| TASK REQUIREMENTS |
When you reproduce the listing, keep every word as it is and drop the pictures.

| STORED DATA |
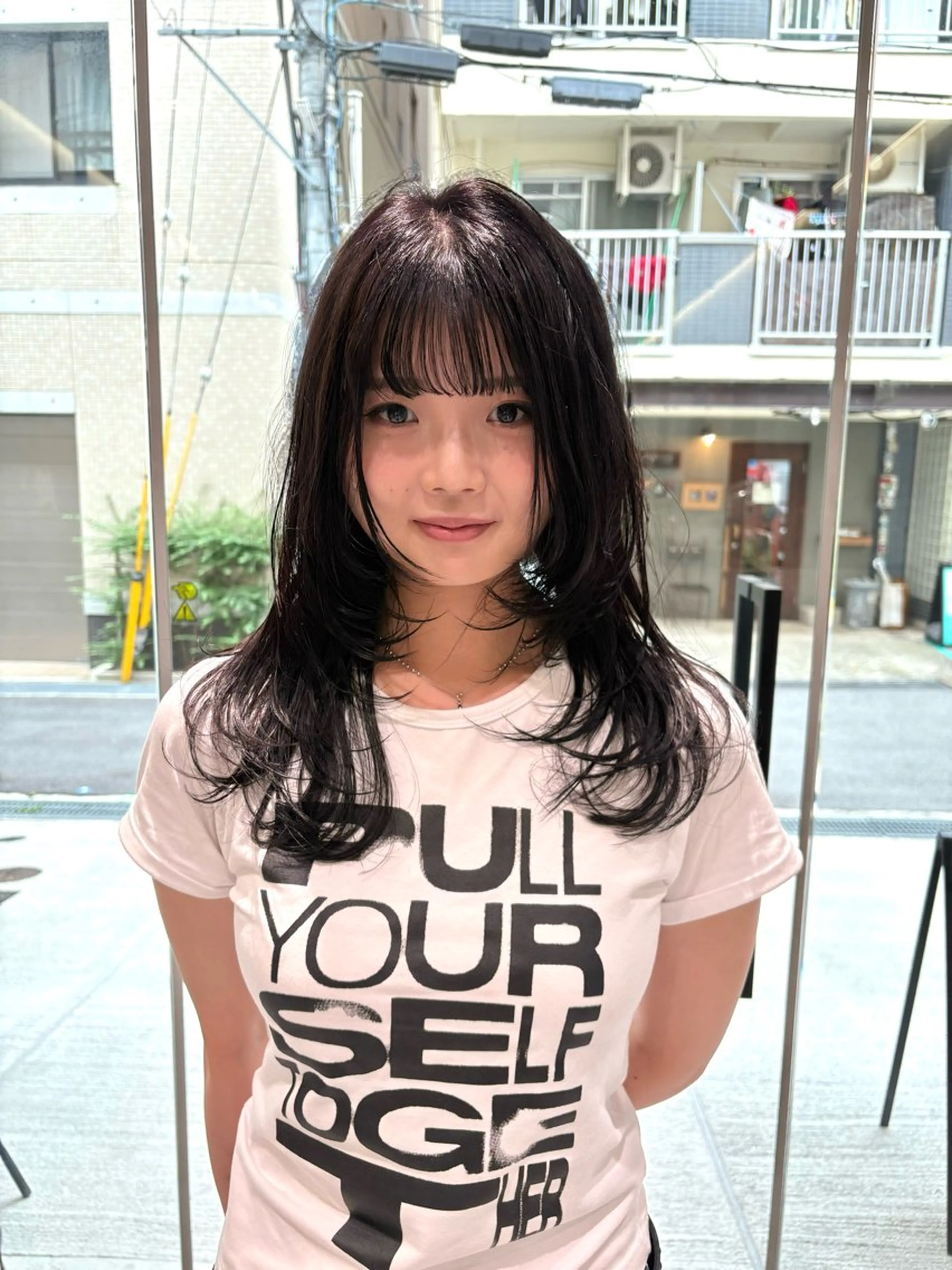 《広がりとパサつきが気になる方はこちら》レイヤーカット+縮毛矯正+内部補修トリートメントの写真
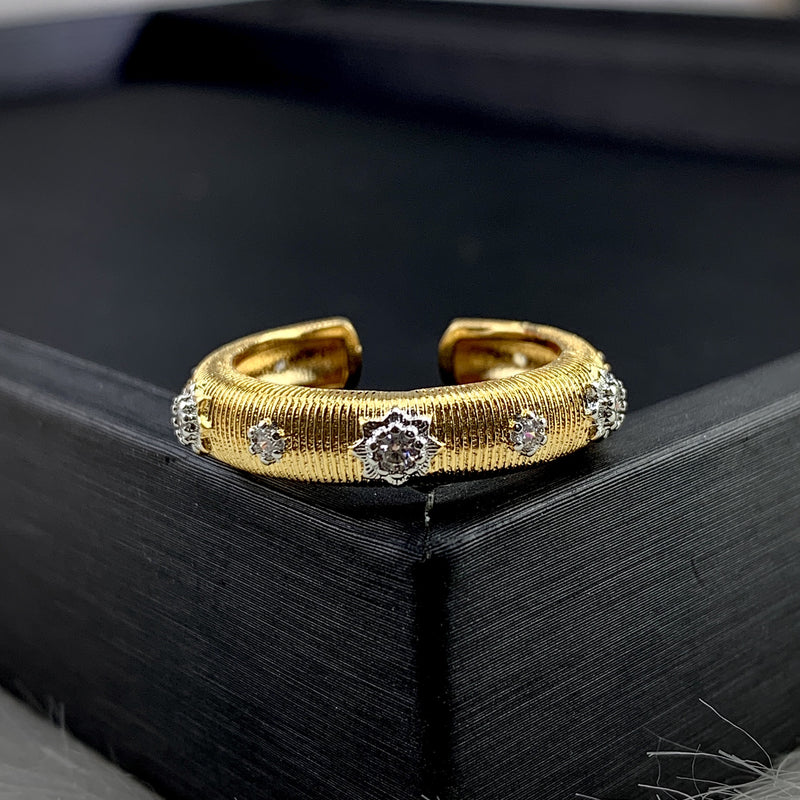 Elegant Gold Diamond Ring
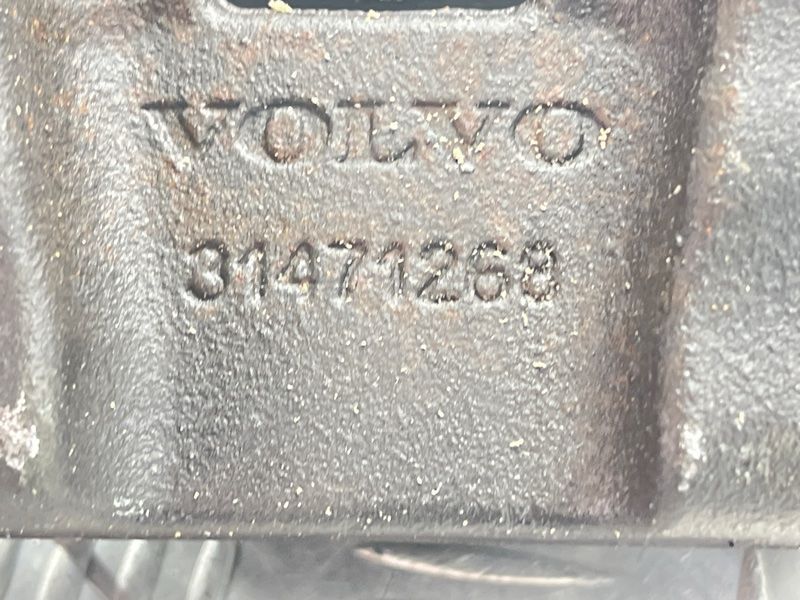 Супорт гальмівний 31471268 Volvo XC90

| RESPONSE TO THE TASK |
 《広がりとパサつきが気になる方はこちら》レイヤーカット+縮毛矯正+内部補修トリートメントの写真
 Elegant Gold Diamond Ring
 Супорт гальмівний 31471268 Volvo XC90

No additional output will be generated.